From Table 3, we know that the denoising capabilities of the above algorithms are as follows, when noise is very strong, especially when MRI is completely drowned by the noise. First, the denoising capabilities of bilateral filtering denoising and wavelet denoising are rather poor, and their PSNR and correlation coefficients are relatively small. This shows that the noise cannot be clearly denoised and the similarity between the denoised image and the original clean MRI is small. Also, the contrast of average gray level concurrence matrix of wavelet algorithm is the greatest, which indicates greater pixels with greater contrast but we cannot say that the texture depth is deeper and that the visual effects are clearer because the denoising is incomplete.
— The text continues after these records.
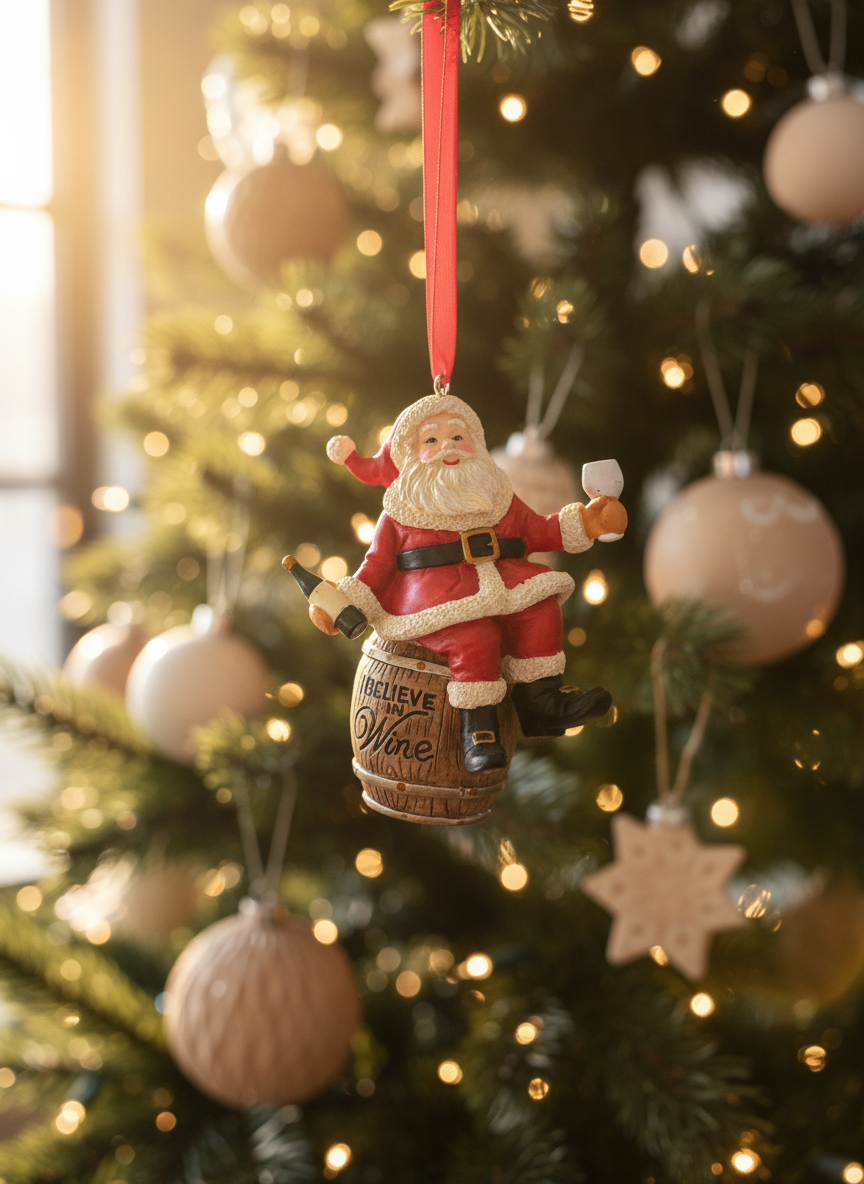 Santa I Believe In Wine Ornament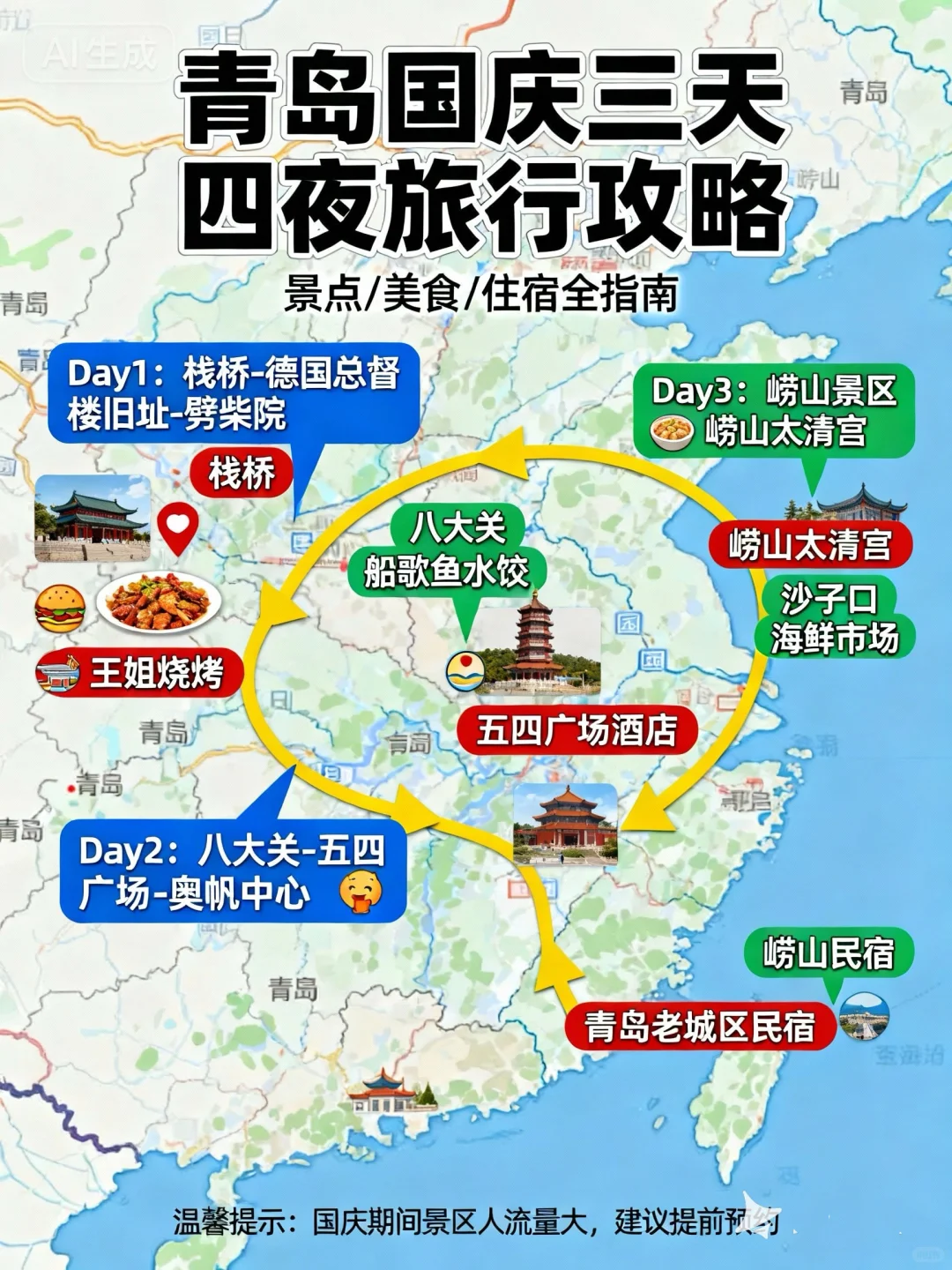 中秋节国庆青岛三天四晚游攻略！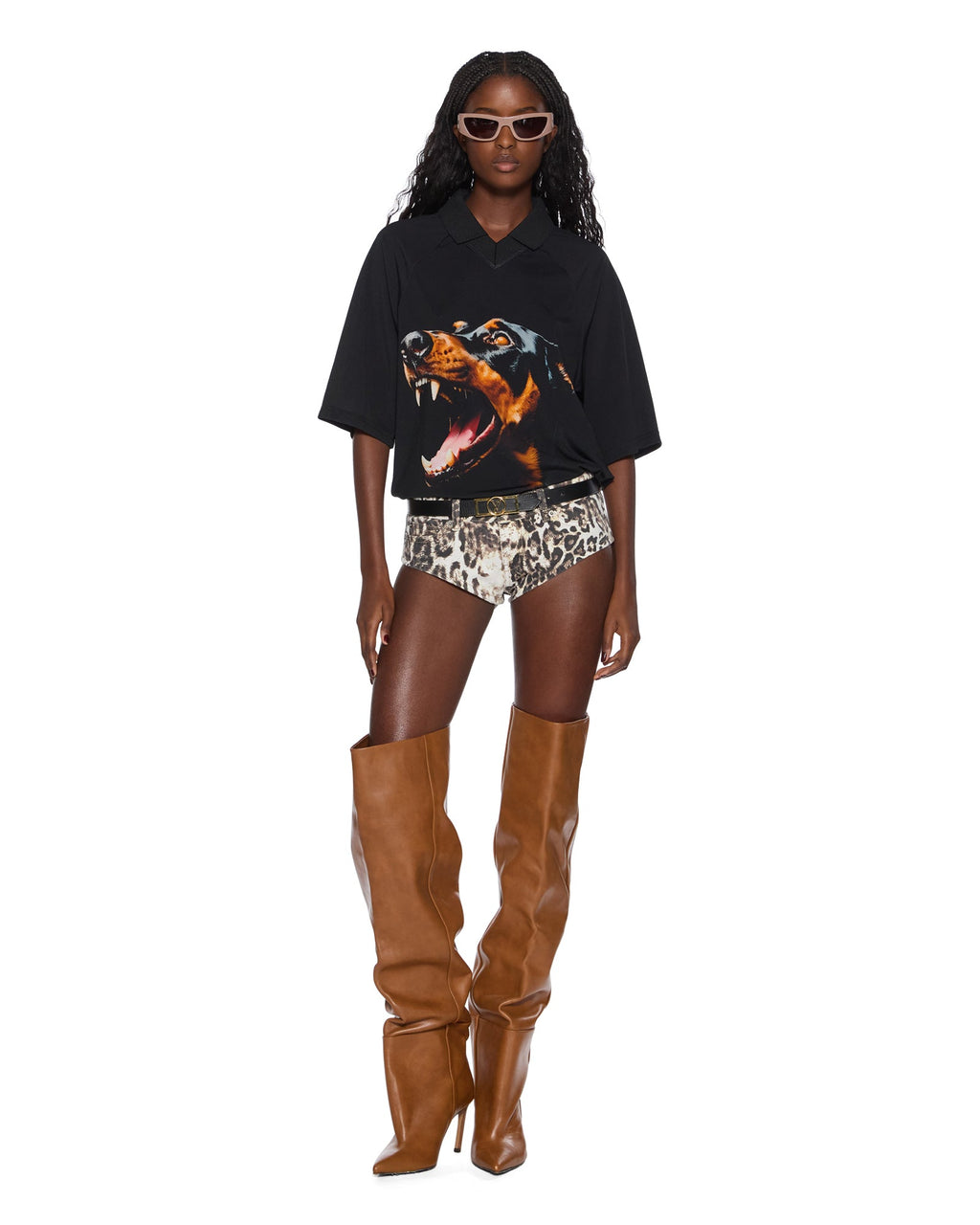WOMENS MOWALOLA DOBERMAN JERSEY BLACK FASHION TOPS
Second, the denoising capabilities of NLMF denoising and FDM denoising are better and their PSNR and correlation coefficients are comparatively higher, which shows that the noise is denoised completely and the similarity between denoised image and original clean MRI is great. The PSNR and the correlation coefficients of FDM denoising is the highest and its contrast of average gray level concurrence matrix is the greatest. Also, its correlation, energy, and homogeneity are smaller. We therefore can conclude that FDM denoising is the best model of the above models.
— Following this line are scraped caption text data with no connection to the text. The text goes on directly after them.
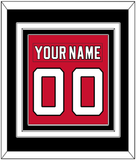 New Jersey Nameplate & Number (Back) Combined - Home Red - Triple Mat 3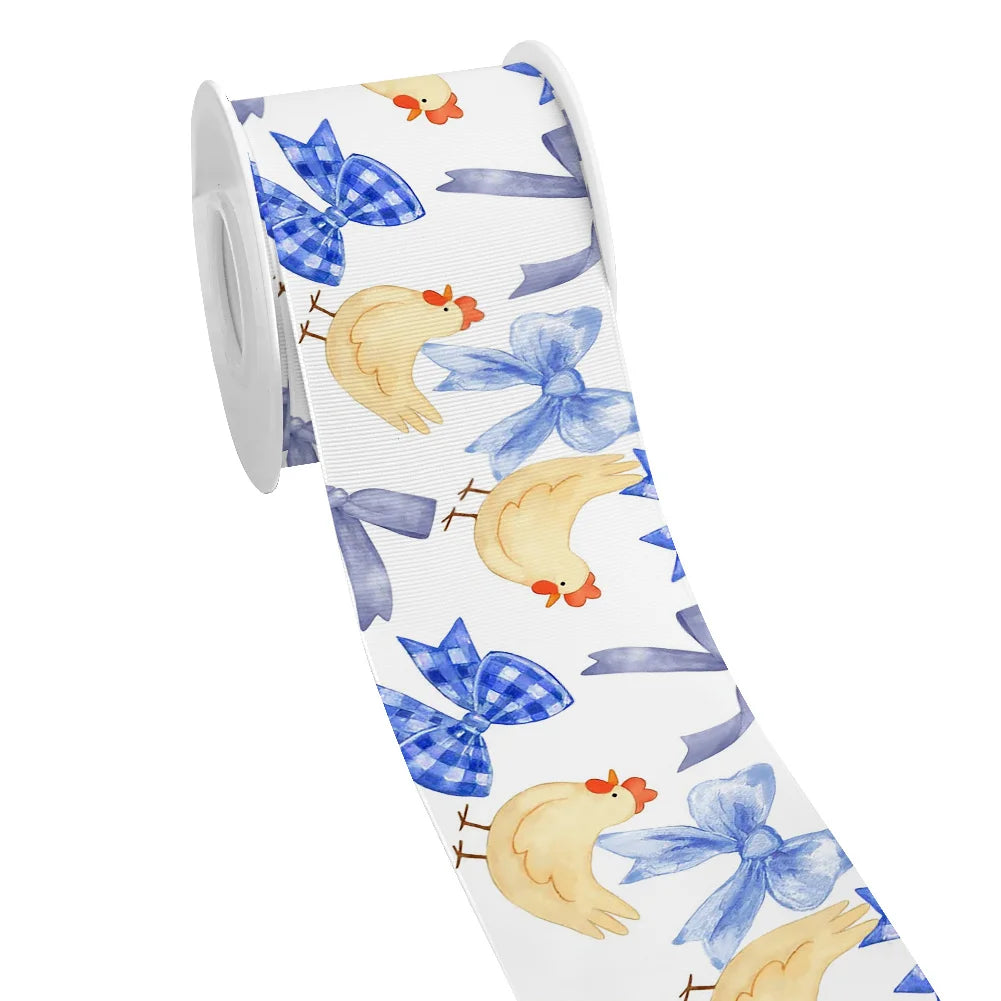 Spring Rabbit Easter Day Chick Cartoon Printed Grosgrain Satin Ribbon for Gift Wrapping Hair Bow Craft Accessory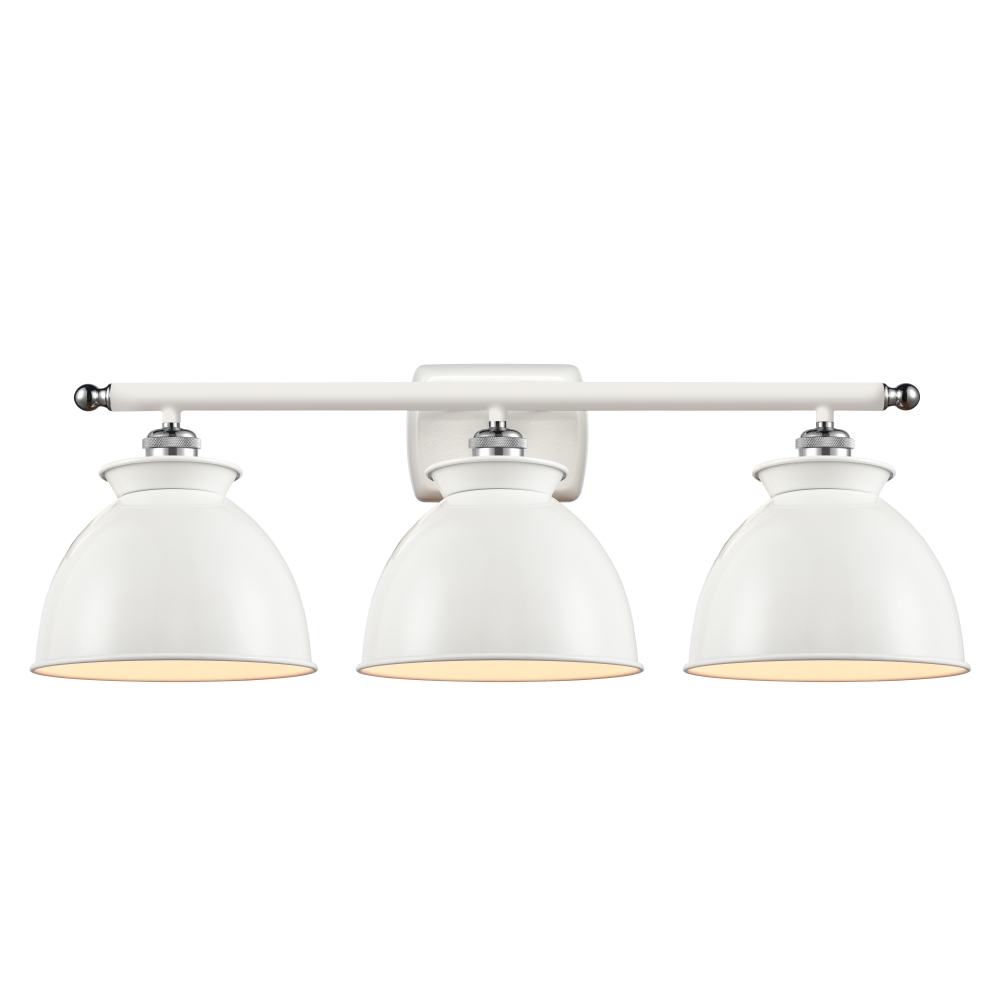 Innovations 516-3W-WPC-M14-W Adirondack 3 Light Bath Vanity Light part of the Ballston Collection in White and Polished Chrome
When the noise is very strong and especially when original clean signal is completely drowned in noises, we take a texture-rich meteorite crater remote sensing image of moon satellite to perform further comparison experiments using the above well-performed algorithms, including bilateral filtering denoising, wavelet denoising, NLMF denoising, and FDM denosing to test the denoising capability of FDM for robust noise. The added noise is the composite noise combined by white Gaussian noise, salt and pepper noise, and speckle noise. Also, the numerical iterative process will stop at the point where peak signal-to-noise ratio is the highest, as shown in Figure 7.

From view of visual effects, we know from Figure 7 the following; when the composite noise is added by white Gaussian noise, salt and pepper noise, and speckle together, especially when texture-rich meteorite crater remote sensing image of moon satellite is completely drown in noises. First, the denoising capabilities of bilateral filtering and wavelet and NLMF denoising are comparatively worse. We can see from Figures 7(c)–7(h) that the contour may be seen indistinctly and the edge and texture details can hardly be recognized. Second, the denoising capability of FDM denoising is the best. We can see from Figures 7(i)–7(l) that the contour is not only the clearest and also the edge and texture details can be clearly recognized.
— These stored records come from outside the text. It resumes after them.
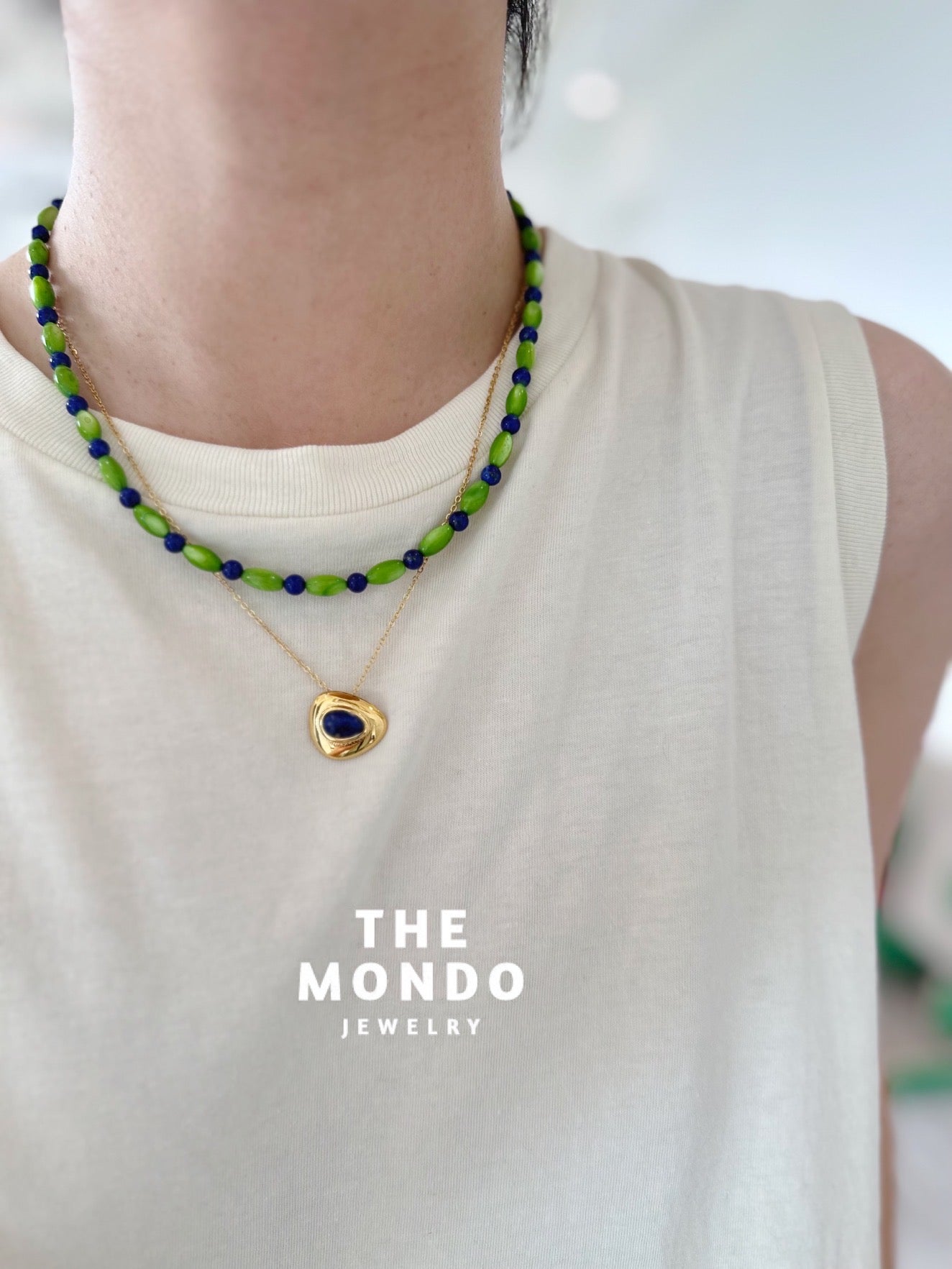iLMondo|Handmade Lapis Lazuli and Shell Necklace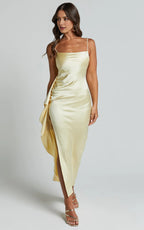 Frill Detail Square Neck Ankle-Length Dress Lemon Sheath Solid Color Spaghetti Straps Backless Evening Dress
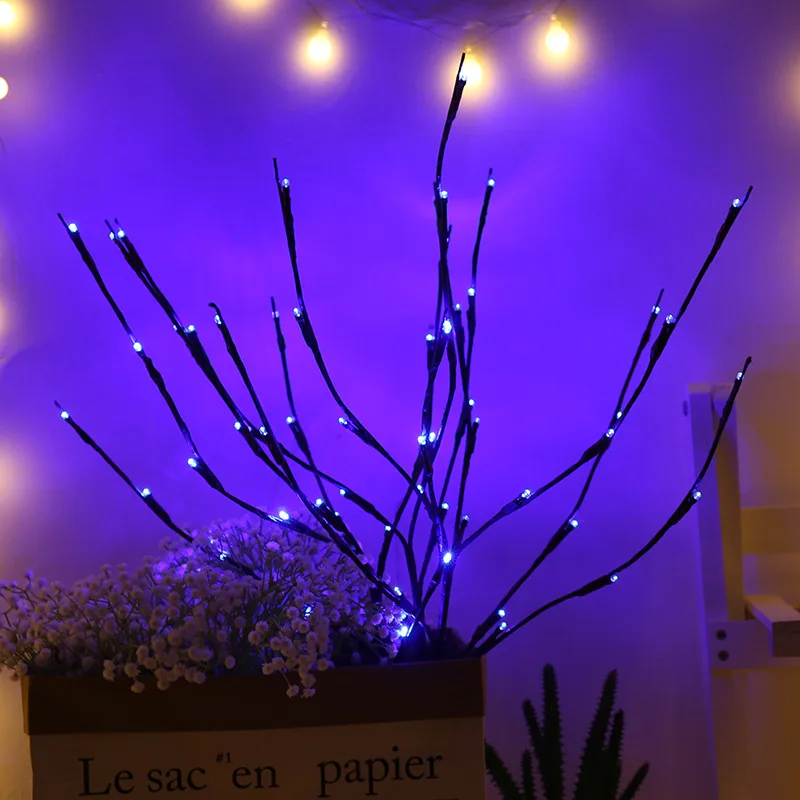 LED Lichterzweig 75cm – 20 LEDs, Batteriebetrieben, Biegbar, für Vase & Deko | 4 Farben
For quantitative analysis, we measure the denoising effects in terms of the PSNR, correlation coefficients between noisy image or denoised image and original clean remote sensing image [94], and average gray level concurrence matrix, as seen in Table 4.

We know denoising capabilities of the above algorithms from Table 4 are as follows, when composite noise added by white Gaussian noise, salt and pepper noise, and speckle noise, especially when the original image is completely drowned in noises. First, the denoising capabilities of bilateral filtering, wavelet, and NLMF denoising are poor, and their PSNR and correlation coefficients are relatively small. This shows that the added noise cannot be denoised completely and the similarities between denoised image and original clean MRI are small. Also, the contrasts of average gray level concurrence matrices of NLMF algorithm are the greatest, which indicates that there are more pixels with great contrast, but we cannot say that the texture depth is deeper and the visual effect is clearer because the denoising is uncompleted. Second, the denoising capability of FDM denoising is the best. Its PSNR and correlation coefficients are comparatively high, which shows that the noise is completely denoised and the similarity between denoised image and original clean MRI is the greatest. Also, the PSNR and the correlation coefficients of FDM denoising are the highest. The contrast of average gray level concurrence matrix of FDM denoising is high, while its correlation, energy, and homogeneity are small. We therefore can say that FDM denoising is the best denoising model of the above models.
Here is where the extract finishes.